La combinación de sensaciones contradictorias es un recurrente en «Sunset Boulevard», como prueba una de las mejores escenas de la película, en la que una Norma Desmond pletórica, sintiéndose de nuevo la reina de los estudios, se sienta en una silla en una pausa del rodaje. Ahí, es reconocida por el anciano operario de foco que, sorprendido, la ilumina y grita su nombre para que todos la vean. Por un momento, se siente como algo hermoso, la luz se refleja en su rostro y reaparece la imagen divina de la gran estrella, pero conforme las figuras decrépitas se acercan a admirarla, uno comienza a sentir un halo de patetismo en el ambiente.
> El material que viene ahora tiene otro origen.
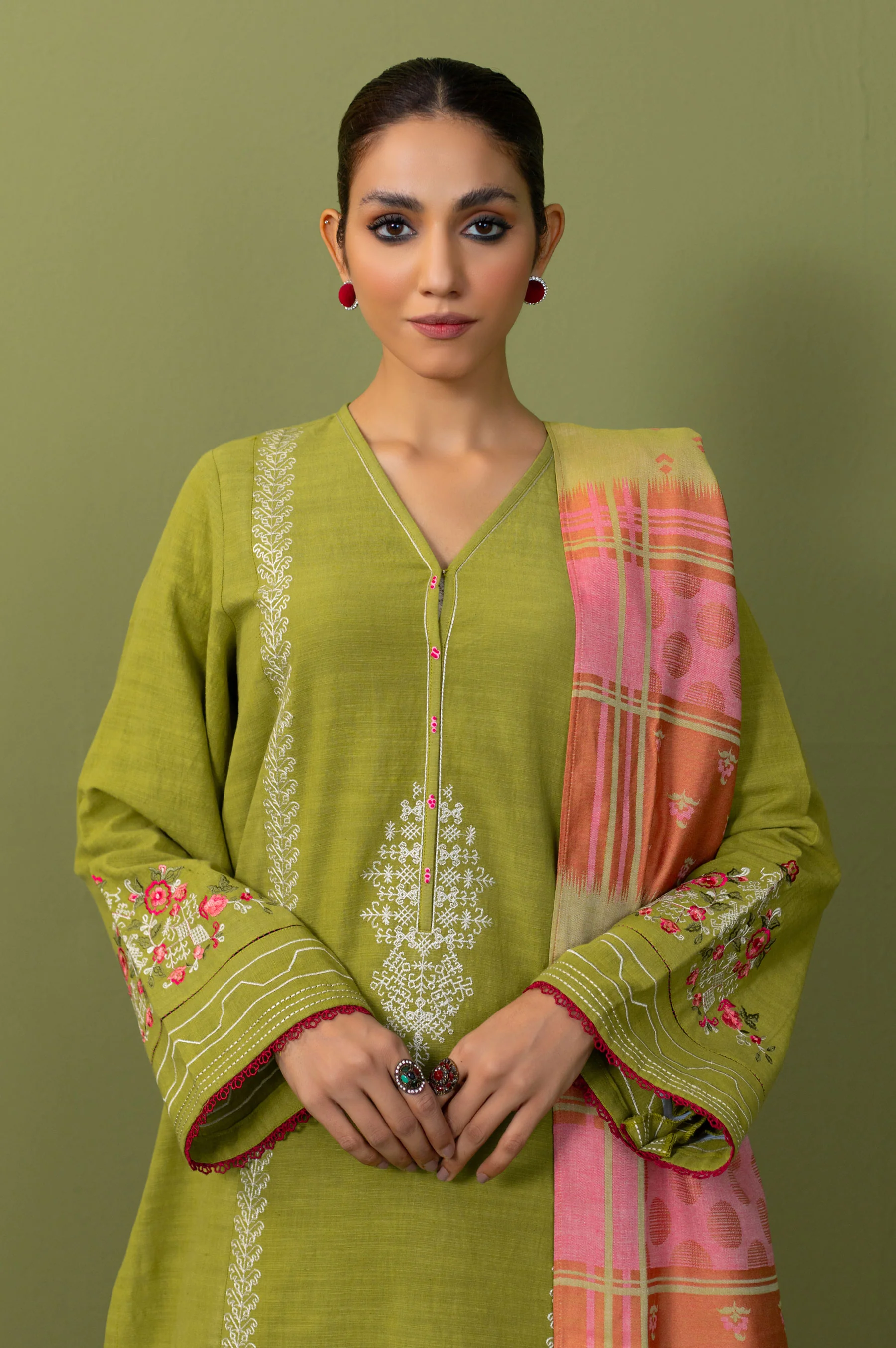 Stitched 3 Piece Embroidered Khaddar Suit - Image 2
Nadie recuerda a Norma Desmond, nadie sabe quién es esa cincuentona rodeada de lamentables operarios e intérpretes de segunda. Norma Desmond no es la gran estrella de nada, es la reina de los olvidados, objeto de idolatría por los que hace tiempo perdieron su lugar. Finalmente, el foco se apaga, el corro se dispersa y la monarca de los parias vuelve a la soledad de la desatención tras su minuto de gloria.

La película cierra así, con un último minuto de atención suplicado en silencio por una adicta. En una escena prodigiosa, camina bajando las escaleras a través de las figuras inmóviles, interpretando su último papel, atravesando la pantalla lista desde hace años para su primer plano.